Opinion: Let’s talk about sex
Published March 27, 2024

A dish best served cold

“Paparazzi” trades realism for really harsh paybacks

Hollywood movies are never so absurd – and never so satisfying – as when they try to criticize the Hollywood system.

“Paparazzi,” the new revenge fantasy from TV director Paul Abascal, doesn’t have quite as many axes to grind as Robert Altman’s “The Player” (with which it shares a few plot points), nor does it go as far over the top as “Bowfinger” or “Get Shorty,” but despite some corny contrivances, it’s hard not to be drawn into the movie’s thrilling sadism.
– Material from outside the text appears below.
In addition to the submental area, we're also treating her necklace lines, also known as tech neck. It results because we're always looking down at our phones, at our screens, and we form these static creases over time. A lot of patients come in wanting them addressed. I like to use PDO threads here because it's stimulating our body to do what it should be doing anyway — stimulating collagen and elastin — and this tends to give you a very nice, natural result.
Cole Hauser plays Bo Laramie, a square-jawed, rising action star who can’t seem to adjust to the fact that he lives in Hollywood, and not Montana. A group of paparazzi, led by the indescribably vile Rex Harper (Tom Sizemore), causes a car accident that puts Laramie’s son in a coma. With his family threatened, Laramie goes on a revenge spree as efficient, if not nearly as bloody, as Uma Thurman’s in “Kill Bill.”

Sizemore’s character is an expert stalker, an expert manipulator and an expert irritator. He seems wasted on the relatively low-stakes work of taking candid celebrity photos. No doubt a real-life individual with all these skills would be doing something really evil, like running a big movie studio.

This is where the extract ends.